──────── Raw data

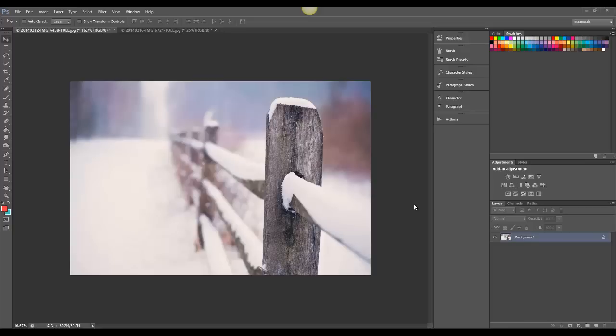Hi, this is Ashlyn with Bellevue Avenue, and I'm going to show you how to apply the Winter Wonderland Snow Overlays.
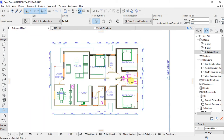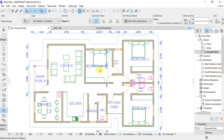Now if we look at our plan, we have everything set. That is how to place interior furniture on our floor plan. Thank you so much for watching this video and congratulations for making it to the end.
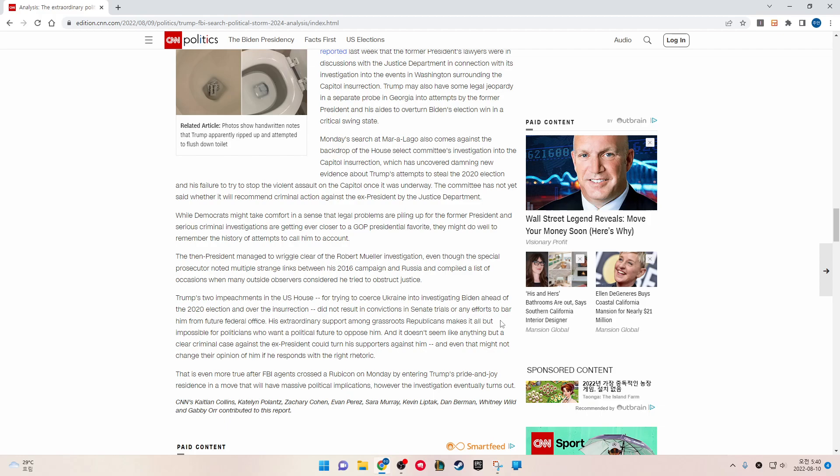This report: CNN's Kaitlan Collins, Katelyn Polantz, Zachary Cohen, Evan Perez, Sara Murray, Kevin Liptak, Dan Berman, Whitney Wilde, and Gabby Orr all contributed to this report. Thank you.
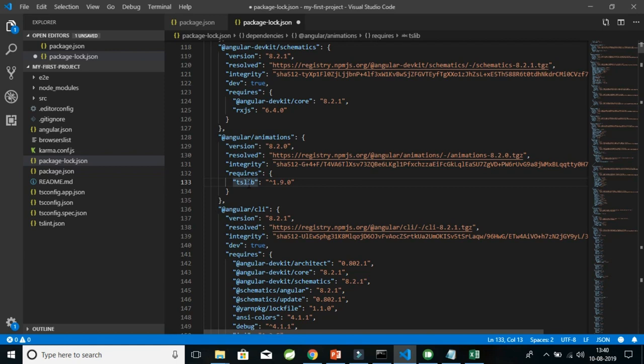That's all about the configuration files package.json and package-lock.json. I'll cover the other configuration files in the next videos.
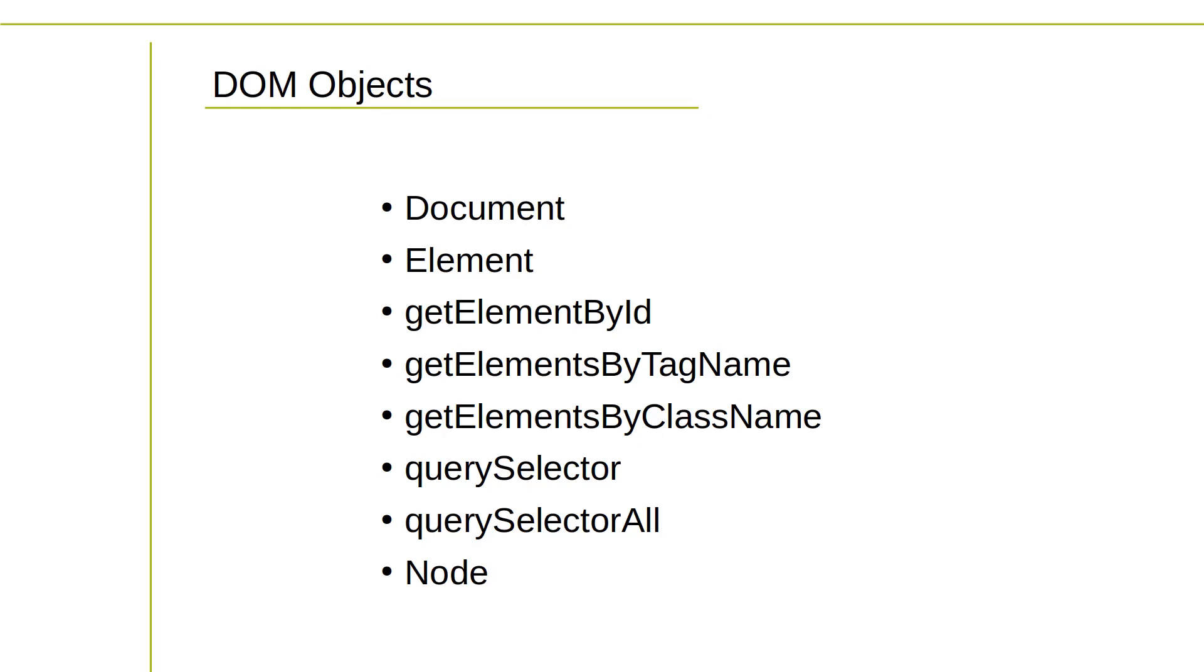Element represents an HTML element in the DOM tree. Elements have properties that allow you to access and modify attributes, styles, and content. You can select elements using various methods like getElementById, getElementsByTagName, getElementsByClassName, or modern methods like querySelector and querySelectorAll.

────────────────

**Task brief**
Could you reproduce the records above exactly, leaving out every picture?

**Task output**
Hi, this is Ashlyn with Bellevue Avenue, and I'm going to show you how to apply the Winter Wonderland Snow Overlays.
Now if we look at our plan, we have everything set. That is how to place interior furniture on our floor plan. Thank you so much for watching this video and congratulations for making it to the end.
This report: CNN's Kaitlan Collins, Katelyn Polantz, Zachary Cohen, Evan Perez, Sara Murray, Kevin Liptak, Dan Berman, Whitney Wilde, and Gabby Orr all contributed to this report. Thank you.
That's all about the configuration files package.json and package-lock.json. I'll cover the other configuration files in the next videos.
Element represents an HTML element in the DOM tree. Elements have properties that allow you to access and modify attributes, styles, and content. You can select elements using various methods like getElementById, getElementsByTagName, getElementsByClassName, or modern methods like querySelector and querySelectorAll.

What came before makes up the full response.